About 50 bicyclists returned Saturday from a weeklong, combined 1,000-mile ride through virtually all the rural Utah communities that have their own electric utilities in celebration of Public Power Week.

On hand to welcome the cyclists back was Gov. Norm Bangerter, who also accepted the Public Power Week proclamations collected by the cyclists from consumer-owned electric utilities."Thanks for your contribution, and thanks for advertising the power industry and advertising our state," Bangerter told the group.

The 40 non-profit, consumer-owned electric utilities that serve 25 percent of the state's population provided support vans and meals for the statewide bicycle tour, said Alene Bentley, spokeswoman for the International Consumer Power Association.

Approximately 50 cyclists registered for the entire trip, including a 71-year-old man from Monroe, Sevier County. Hundreds of others joined in for shorter community rides.

The tour, which began Sept. 10, consisted of two routes, one starting from Glen Canyon Dam on the Utah-Arizona border, and the other from Flaming Gorge in Utah's northeastern corner.

The two dams that served as starting points for the tour provide hydroelectric power used by consumer-owned utilities represented by the tour, Bentley said.

The 525-mile ride from Glen Canyon averaged 64 miles a day, climbing through Zion National Park and over the Cove Fort summit at 7,200 feet elevation. Cyclists in the north tested their endurance the first hours by climbing more than 2,000 feet from Flaming Gorge into the Ashley National Forest at 8,400 feet.
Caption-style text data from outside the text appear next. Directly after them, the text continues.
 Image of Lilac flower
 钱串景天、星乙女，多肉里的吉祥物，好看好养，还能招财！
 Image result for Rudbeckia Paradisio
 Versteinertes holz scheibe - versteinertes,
They averaged 63 miles a day.

"The tour was to promote power for the rural communities of Utah," said Jim Francis, 38, a representative of Morgan, who sported a sun-blistered nose.

"I made the 525-mile ride for my personal satisfaction, and the good of the tour promoting public power," said 71-year-old Burt Simonson. "Last year I rode for 18 miles and made up my mind to do the whole tour this year," he said with a big smile.
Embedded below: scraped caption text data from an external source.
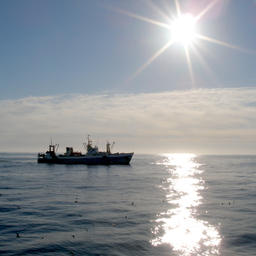 Рыбаки получили правила распределения и закрепления международных квот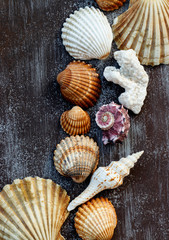 multicolored shells and corals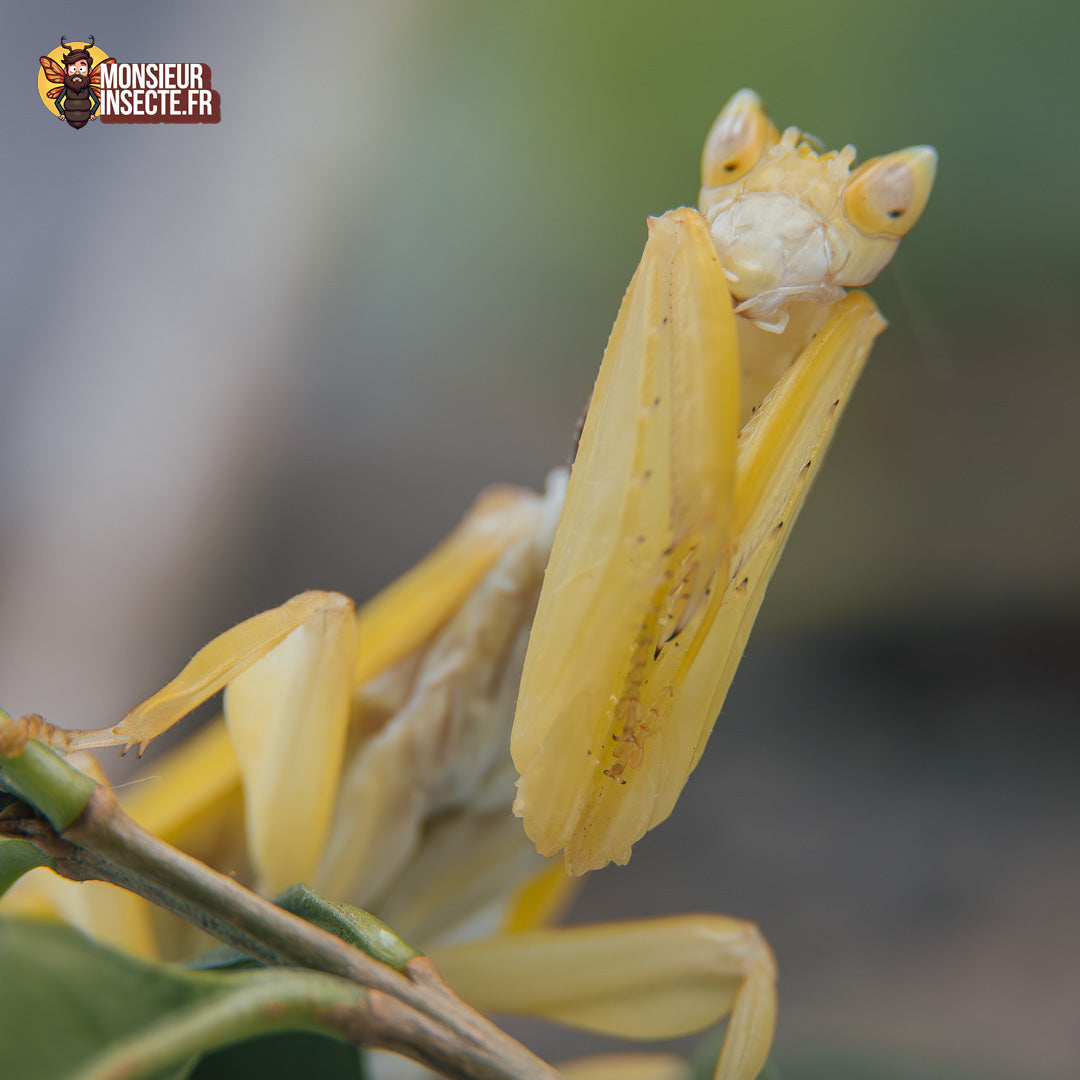 Achat_mante_religieuse_Helvia_Cardinalis_3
Wayne Anderson, 19, of Lehi, the youngest member of the tour group, said he enjoyed the experience and plans to buy a touring bike so he can continue riding. His immediate plan was to take his girlfriend to Lehi's homecoming dance later that night.

The cyclists gathered Saturday at Murray City Power for a celebration, then continued the last leg of their tour up State Street to the Capitol where they were greeted by Bangerter.